▶ _Dataset items_
--
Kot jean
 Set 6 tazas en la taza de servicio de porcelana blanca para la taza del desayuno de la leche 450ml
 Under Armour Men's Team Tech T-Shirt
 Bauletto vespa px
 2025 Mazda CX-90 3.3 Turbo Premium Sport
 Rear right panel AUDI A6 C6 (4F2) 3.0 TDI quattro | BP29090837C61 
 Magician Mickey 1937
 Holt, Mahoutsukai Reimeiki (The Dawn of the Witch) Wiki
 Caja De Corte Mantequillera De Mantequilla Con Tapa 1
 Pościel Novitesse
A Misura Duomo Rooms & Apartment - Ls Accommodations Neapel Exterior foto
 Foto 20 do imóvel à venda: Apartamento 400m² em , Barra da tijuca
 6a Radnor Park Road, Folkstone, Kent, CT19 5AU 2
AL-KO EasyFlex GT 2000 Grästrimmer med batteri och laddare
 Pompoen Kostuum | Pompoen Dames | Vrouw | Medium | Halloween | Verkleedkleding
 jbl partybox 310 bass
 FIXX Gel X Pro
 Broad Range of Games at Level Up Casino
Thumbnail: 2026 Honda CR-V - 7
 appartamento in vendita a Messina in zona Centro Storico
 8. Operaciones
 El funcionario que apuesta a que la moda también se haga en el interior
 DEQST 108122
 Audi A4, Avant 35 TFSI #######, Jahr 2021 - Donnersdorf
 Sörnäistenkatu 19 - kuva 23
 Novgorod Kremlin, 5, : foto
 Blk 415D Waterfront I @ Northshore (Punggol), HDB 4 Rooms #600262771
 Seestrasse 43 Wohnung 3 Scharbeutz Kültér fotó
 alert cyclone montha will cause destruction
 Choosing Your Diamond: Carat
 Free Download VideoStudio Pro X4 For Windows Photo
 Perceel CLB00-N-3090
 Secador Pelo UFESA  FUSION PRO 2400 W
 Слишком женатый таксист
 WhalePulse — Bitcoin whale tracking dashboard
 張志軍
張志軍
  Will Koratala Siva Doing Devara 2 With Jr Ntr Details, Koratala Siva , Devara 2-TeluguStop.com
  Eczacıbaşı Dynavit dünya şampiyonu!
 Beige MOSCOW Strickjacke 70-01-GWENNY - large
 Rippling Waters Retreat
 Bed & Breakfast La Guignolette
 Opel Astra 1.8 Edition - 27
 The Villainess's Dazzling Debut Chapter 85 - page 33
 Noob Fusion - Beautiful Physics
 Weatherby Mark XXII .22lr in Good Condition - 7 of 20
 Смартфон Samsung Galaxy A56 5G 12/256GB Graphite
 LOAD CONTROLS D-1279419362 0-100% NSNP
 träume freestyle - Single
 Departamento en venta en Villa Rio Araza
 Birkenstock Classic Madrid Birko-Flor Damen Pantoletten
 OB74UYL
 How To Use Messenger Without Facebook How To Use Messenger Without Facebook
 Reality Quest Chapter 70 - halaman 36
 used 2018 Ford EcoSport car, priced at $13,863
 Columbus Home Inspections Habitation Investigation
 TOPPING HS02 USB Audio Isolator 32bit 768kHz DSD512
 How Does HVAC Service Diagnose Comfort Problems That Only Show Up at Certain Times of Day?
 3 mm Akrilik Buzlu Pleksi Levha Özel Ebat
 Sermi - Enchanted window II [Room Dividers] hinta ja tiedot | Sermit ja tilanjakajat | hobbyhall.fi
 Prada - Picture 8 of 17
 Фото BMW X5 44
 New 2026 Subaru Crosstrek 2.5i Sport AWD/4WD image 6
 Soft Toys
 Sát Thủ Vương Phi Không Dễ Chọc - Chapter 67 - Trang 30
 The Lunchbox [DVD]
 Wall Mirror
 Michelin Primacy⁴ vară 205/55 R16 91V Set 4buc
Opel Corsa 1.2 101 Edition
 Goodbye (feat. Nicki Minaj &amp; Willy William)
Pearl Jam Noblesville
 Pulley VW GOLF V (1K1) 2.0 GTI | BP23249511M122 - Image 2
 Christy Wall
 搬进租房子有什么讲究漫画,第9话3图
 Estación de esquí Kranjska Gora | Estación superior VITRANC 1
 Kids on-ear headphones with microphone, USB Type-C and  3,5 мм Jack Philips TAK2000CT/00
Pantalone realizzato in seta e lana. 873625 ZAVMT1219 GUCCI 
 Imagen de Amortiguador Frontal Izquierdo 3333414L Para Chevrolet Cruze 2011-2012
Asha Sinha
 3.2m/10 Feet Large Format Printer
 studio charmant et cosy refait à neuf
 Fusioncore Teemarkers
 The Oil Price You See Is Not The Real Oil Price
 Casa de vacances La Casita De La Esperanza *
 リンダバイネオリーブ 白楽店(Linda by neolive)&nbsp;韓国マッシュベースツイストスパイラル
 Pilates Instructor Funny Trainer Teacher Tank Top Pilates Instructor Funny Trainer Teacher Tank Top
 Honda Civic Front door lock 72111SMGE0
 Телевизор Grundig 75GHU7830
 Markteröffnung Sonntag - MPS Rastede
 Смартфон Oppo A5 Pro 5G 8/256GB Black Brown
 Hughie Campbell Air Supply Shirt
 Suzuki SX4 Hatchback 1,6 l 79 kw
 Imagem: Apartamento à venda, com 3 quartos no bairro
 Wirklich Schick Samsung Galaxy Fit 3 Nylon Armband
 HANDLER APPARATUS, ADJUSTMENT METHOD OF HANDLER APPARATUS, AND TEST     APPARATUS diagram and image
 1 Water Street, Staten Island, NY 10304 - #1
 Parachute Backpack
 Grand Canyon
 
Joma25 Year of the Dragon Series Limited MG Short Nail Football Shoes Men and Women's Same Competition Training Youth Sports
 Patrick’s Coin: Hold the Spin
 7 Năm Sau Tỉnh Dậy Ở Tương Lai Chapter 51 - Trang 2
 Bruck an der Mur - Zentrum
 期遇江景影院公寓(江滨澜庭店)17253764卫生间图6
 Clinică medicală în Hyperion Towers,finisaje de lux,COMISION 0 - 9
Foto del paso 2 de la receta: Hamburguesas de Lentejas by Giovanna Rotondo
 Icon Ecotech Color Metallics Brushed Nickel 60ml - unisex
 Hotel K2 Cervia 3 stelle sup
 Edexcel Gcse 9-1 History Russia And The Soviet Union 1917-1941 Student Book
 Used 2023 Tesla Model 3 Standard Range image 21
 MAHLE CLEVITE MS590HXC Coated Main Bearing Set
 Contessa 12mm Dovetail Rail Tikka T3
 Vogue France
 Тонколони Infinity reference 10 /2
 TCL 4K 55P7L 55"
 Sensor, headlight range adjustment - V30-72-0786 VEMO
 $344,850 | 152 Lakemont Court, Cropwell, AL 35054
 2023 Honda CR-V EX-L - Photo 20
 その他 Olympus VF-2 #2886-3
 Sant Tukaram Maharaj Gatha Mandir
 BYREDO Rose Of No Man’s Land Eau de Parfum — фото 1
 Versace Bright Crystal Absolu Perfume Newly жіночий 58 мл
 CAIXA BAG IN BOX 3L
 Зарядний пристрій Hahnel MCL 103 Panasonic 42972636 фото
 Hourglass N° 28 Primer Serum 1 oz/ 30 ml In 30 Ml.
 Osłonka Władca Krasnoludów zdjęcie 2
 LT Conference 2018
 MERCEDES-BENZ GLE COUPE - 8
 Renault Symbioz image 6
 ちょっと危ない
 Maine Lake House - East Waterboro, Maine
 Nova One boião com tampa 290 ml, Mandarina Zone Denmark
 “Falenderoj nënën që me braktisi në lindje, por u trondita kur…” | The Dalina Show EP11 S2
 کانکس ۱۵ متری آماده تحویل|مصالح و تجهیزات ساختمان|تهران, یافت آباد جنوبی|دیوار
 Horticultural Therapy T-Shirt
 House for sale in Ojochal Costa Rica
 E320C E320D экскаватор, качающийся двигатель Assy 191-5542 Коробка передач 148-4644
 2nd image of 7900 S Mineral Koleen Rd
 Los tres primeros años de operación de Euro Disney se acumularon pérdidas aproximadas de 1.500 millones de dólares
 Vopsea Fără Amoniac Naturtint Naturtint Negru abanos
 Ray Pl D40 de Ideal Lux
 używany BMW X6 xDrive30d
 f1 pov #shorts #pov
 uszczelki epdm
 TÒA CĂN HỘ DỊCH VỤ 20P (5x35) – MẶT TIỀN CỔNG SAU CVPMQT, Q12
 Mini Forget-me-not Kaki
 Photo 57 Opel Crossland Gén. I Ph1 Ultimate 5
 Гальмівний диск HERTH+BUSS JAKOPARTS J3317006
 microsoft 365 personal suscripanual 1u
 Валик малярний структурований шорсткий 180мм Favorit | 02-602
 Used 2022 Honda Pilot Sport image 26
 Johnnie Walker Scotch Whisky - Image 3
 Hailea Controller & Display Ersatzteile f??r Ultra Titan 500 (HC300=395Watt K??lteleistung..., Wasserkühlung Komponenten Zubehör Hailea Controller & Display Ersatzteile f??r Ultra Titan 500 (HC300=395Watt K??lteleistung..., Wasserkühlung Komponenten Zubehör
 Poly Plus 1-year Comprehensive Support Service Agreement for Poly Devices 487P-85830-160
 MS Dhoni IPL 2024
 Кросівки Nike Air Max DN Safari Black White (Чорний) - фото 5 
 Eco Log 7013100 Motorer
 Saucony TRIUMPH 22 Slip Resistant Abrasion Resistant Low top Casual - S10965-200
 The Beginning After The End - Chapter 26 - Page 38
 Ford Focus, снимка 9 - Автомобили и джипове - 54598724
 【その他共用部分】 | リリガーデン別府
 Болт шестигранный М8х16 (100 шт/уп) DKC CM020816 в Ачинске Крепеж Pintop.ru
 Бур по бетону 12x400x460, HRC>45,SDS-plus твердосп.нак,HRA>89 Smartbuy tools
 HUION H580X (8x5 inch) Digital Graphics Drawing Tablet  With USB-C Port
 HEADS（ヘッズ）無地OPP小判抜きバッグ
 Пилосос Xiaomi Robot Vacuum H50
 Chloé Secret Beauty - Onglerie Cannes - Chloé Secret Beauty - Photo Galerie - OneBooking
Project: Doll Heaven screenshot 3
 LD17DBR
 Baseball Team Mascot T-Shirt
--
▶ _Try it_
The output must consist solely of the lines from the first line of the records through the line containing "Opel Astra 1.8 Edition - 27", reproduced exactly.

▶ _Answer space_
Kot jean
 Set 6 tazas en la taza de servicio de porcelana blanca para la taza del desayuno de la leche 450ml
 Under Armour Men's Team Tech T-Shirt
 Bauletto vespa px
 2025 Mazda CX-90 3.3 Turbo Premium Sport
 Rear right panel AUDI A6 C6 (4F2) 3.0 TDI quattro | BP29090837C61 
 Magician Mickey 1937
 Holt, Mahoutsukai Reimeiki (The Dawn of the Witch) Wiki
 Caja De Corte Mantequillera De Mantequilla Con Tapa 1
 Pościel Novitesse
A Misura Duomo Rooms & Apartment - Ls Accommodations Neapel Exterior foto
 Foto 20 do imóvel à venda: Apartamento 400m² em , Barra da tijuca
 6a Radnor Park Road, Folkstone, Kent, CT19 5AU 2
AL-KO EasyFlex GT 2000 Grästrimmer med batteri och laddare
 Pompoen Kostuum | Pompoen Dames | Vrouw | Medium | Halloween | Verkleedkleding
 jbl partybox 310 bass
 FIXX Gel X Pro
 Broad Range of Games at Level Up Casino
Thumbnail: 2026 Honda CR-V - 7
 appartamento in vendita a Messina in zona Centro Storico
 8. Operaciones
 El funcionario que apuesta a que la moda también se haga en el interior
 DEQST 108122
 Audi A4, Avant 35 TFSI #######, Jahr 2021 - Donnersdorf
 Sörnäistenkatu 19 - kuva 23
 Novgorod Kremlin, 5, : foto
 Blk 415D Waterfront I @ Northshore (Punggol), HDB 4 Rooms #600262771
 Seestrasse 43 Wohnung 3 Scharbeutz Kültér fotó
 alert cyclone montha will cause destruction
 Choosing Your Diamond: Carat
 Free Download VideoStudio Pro X4 For Windows Photo
 Perceel CLB00-N-3090
 Secador Pelo UFESA  FUSION PRO 2400 W
 Слишком женатый таксист
 WhalePulse — Bitcoin whale tracking dashboard
 張志軍
張志軍
  Will Koratala Siva Doing Devara 2 With Jr Ntr Details, Koratala Siva , Devara 2-TeluguStop.com
  Eczacıbaşı Dynavit dünya şampiyonu!
 Beige MOSCOW Strickjacke 70-01-GWENNY - large
 Rippling Waters Retreat
 Bed & Breakfast La Guignolette
 Opel Astra 1.8 Edition - 27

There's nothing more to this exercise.